1

I have an Ubuntu Studio 16.10 64 bit. I created a shell script xyz.sh the path to the file is home/somefolder/test/xyz.sh I have already added

`chmod u+x xyz.sh` 

and I ran the script

./xyz.sh

It was successfull.

However, when I did a cd to go to my home directory and executed xyz.sh using

 ./xyz.sh 

I got the message bash: ./xyz.sh: No such file or directory

Despite executing the following:

PATH=$PATH:home/somefolder/test/xyz.sh

2 Answers2

4

If you've added the path correctly, you just need to call the name of the script, so xyz.sh rather than using ./xyz.sh

By using ./ you telling your shell to look in the current working directory, and run xyz.sh from there.

--

Side note, you're missing a / from the beginning of your directory path, it should be PATH=$PATH:/home/somefolder/test and you should only add the directory, not the entire executable name.

njsg
  • 13,495
3

Explicitly stating a path to an executable will make the shell try to use that path to execute the executable.

If saying ./myscript and if myscript is not in the current directory, then you will get a "no such file or directory" error. This does not use the $PATH variable.

The $PATH should be a :-delimited list of directories (not files) in which the shell will search for executables when no path is specified on the command line.

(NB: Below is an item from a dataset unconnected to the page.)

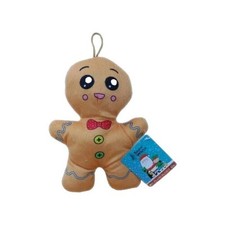 BNWT Gingerbread Man Plush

It is a potential security risk to add the current directory (.) to the PATH variable (see "Is it safe to add . to my PATH? How come?").

Another simple solution for when you just want to have access to a single executable outside of you ordinary $PATH is to use an alias:

alias myscript=/path/to/myscript

(this goes in your shell initialization file, probably .bashrc for bash).

You should specify the full absolute path to the executable in the alias.